┏━━
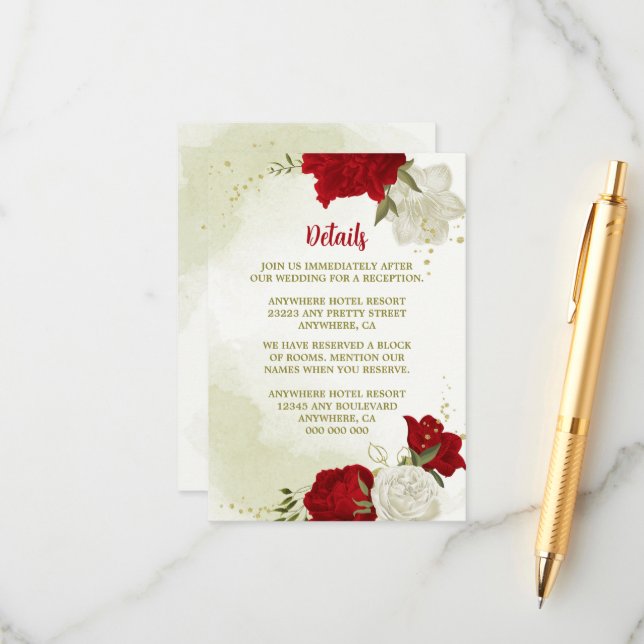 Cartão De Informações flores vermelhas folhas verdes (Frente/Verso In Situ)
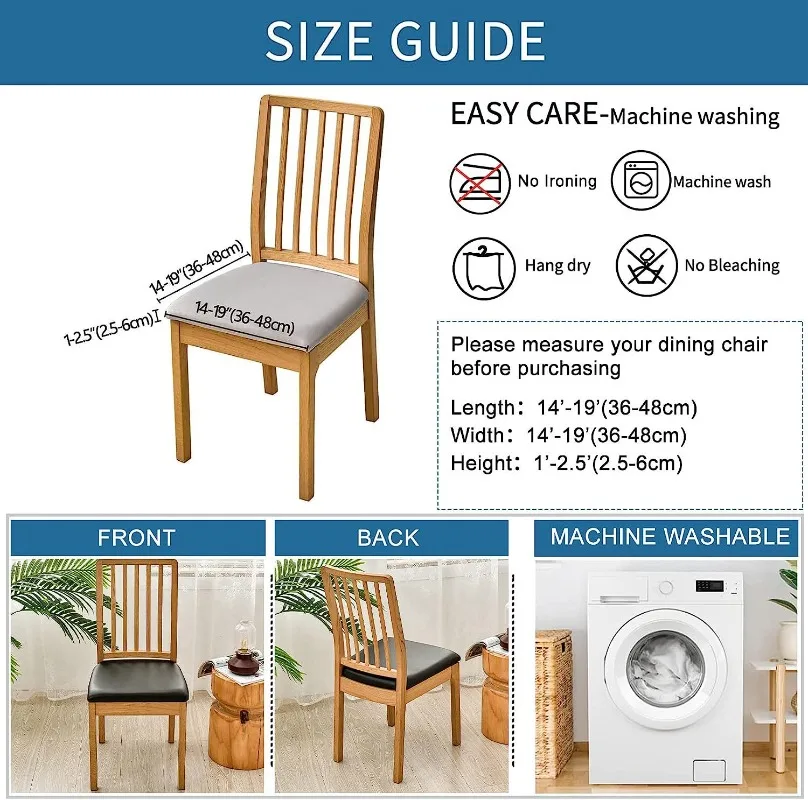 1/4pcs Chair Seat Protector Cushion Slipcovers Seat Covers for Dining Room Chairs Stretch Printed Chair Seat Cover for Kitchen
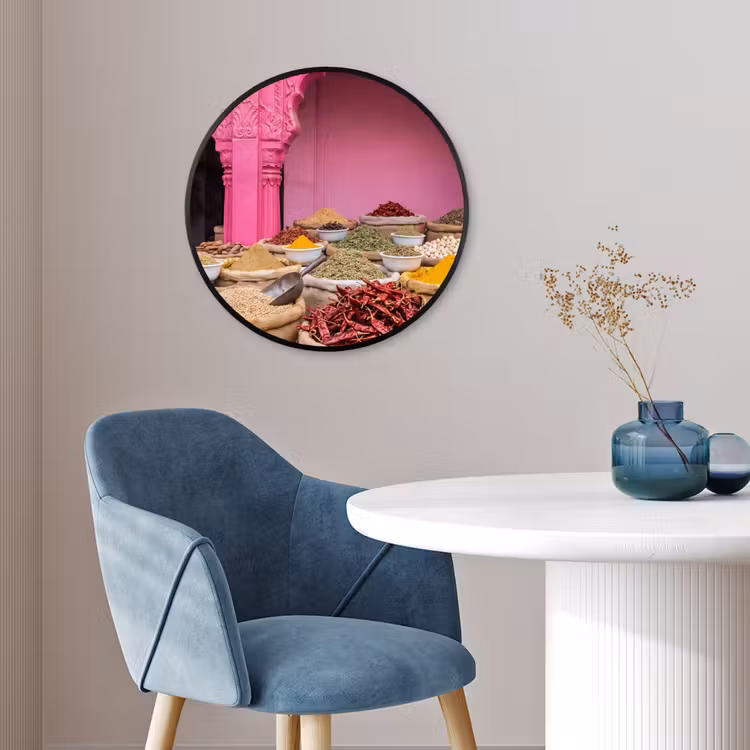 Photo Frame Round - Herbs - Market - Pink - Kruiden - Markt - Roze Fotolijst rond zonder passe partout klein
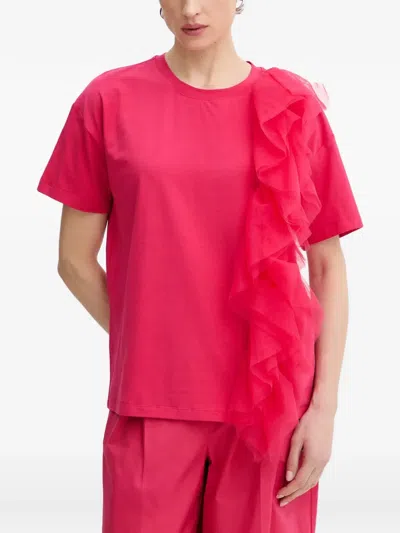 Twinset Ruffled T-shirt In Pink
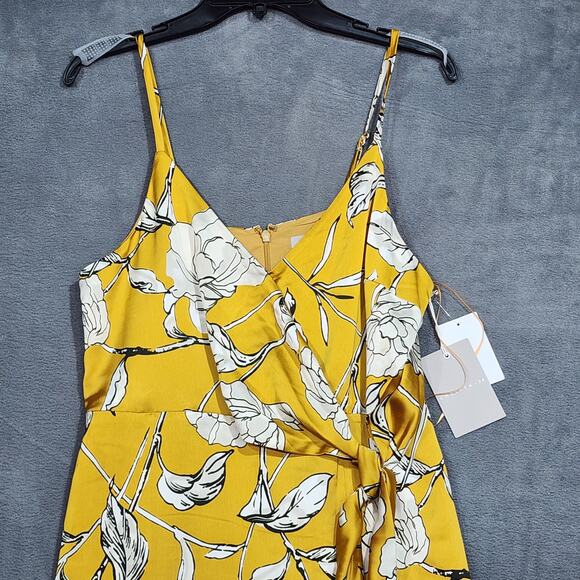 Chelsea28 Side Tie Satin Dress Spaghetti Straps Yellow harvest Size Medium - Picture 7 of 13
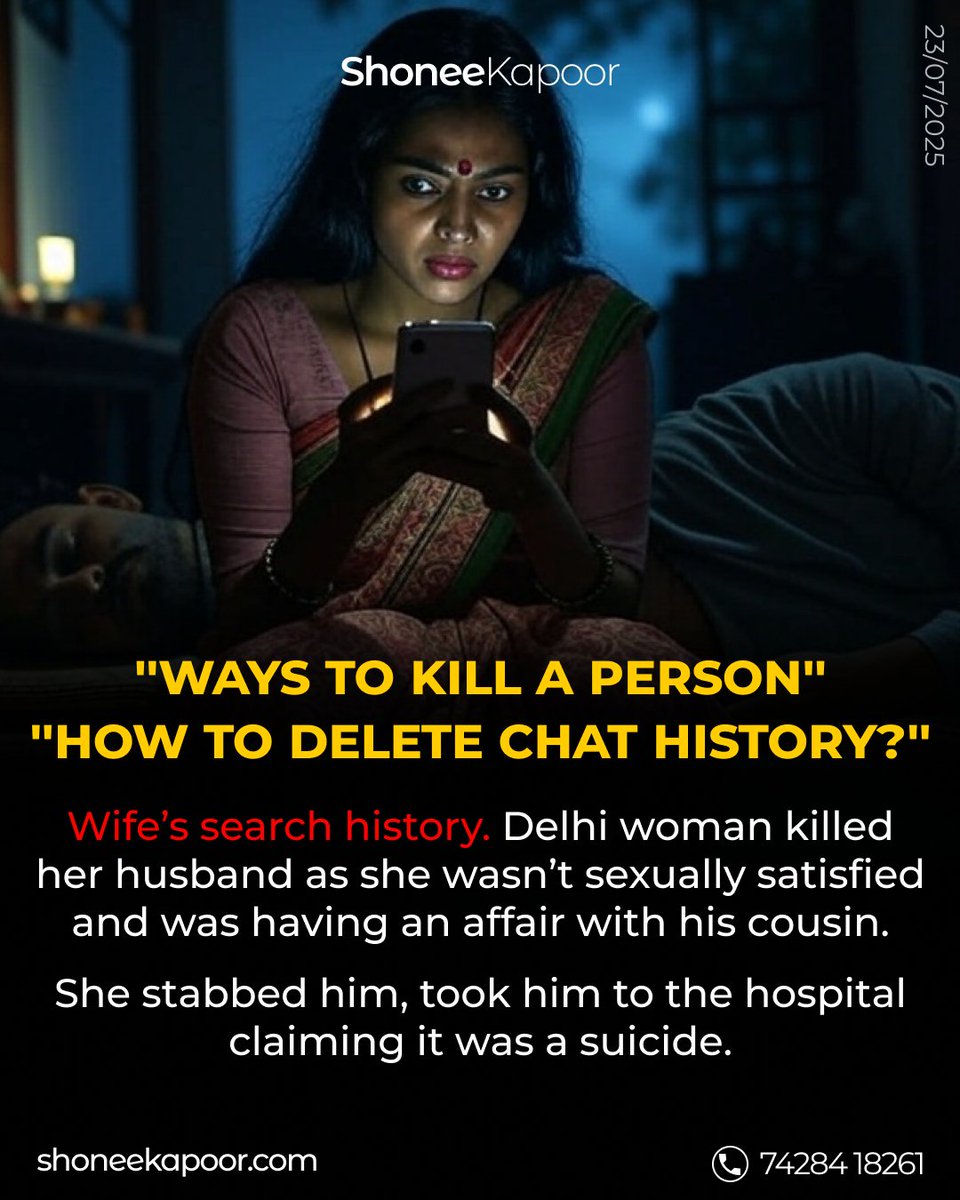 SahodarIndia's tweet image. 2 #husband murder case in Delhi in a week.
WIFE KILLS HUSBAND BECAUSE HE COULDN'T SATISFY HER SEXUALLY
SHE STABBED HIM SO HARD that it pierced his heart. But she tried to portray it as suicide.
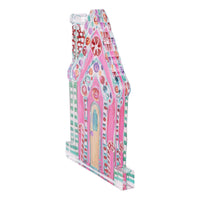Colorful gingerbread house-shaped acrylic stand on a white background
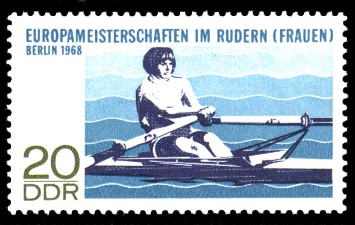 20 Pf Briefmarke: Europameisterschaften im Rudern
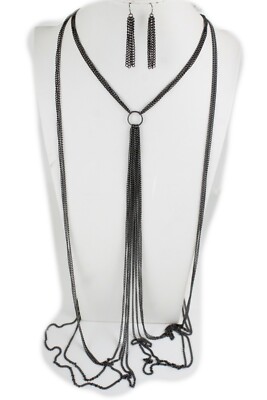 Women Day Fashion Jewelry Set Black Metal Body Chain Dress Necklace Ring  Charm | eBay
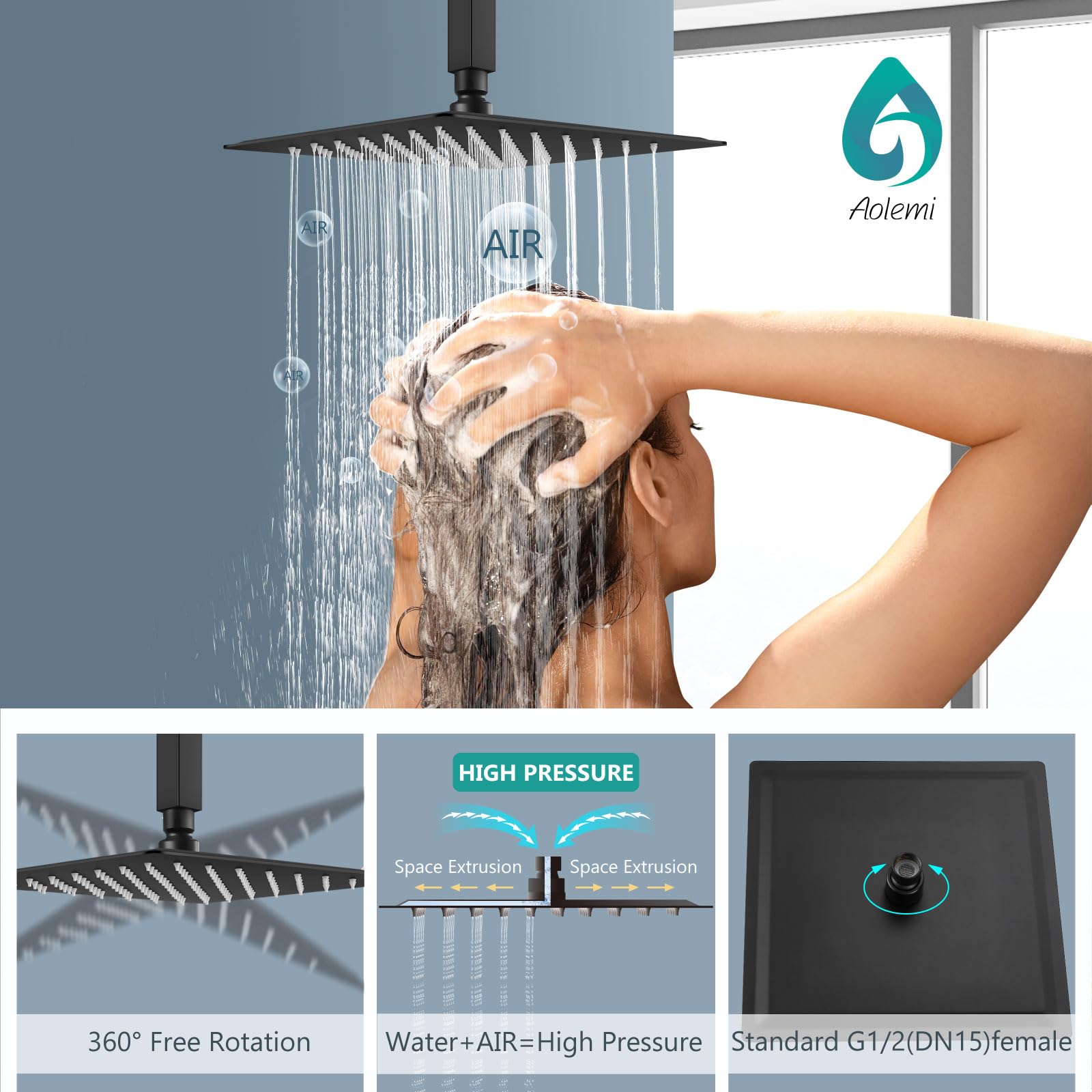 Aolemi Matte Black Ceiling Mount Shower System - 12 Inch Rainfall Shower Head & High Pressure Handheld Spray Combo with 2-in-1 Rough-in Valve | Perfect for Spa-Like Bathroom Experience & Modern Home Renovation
┗━━
What you need to do
Beginning at the line that holds "WIFE KILLS HUSBAND" and ending with the last line of the entries, please set down each line exactly, leaving every picture out.

Result of this task
WIFE KILLS HUSBAND BECAUSE HE COULDN'T SATISFY HER SEXUALLY
SHE STABBED HIM SO HARD that it pierced his heart. But she tried to portray it as suicide.
Colorful gingerbread house-shaped acrylic stand on a white background
 20 Pf Briefmarke: Europameisterschaften im Rudern
 Women Day Fashion Jewelry Set Black Metal Body Chain Dress Necklace Ring  Charm | eBay
 Aolemi Matte Black Ceiling Mount Shower System - 12 Inch Rainfall Shower Head & High Pressure Handheld Spray Combo with 2-in-1 Rough-in Valve | Perfect for Spa-Like Bathroom Experience & Modern Home Renovation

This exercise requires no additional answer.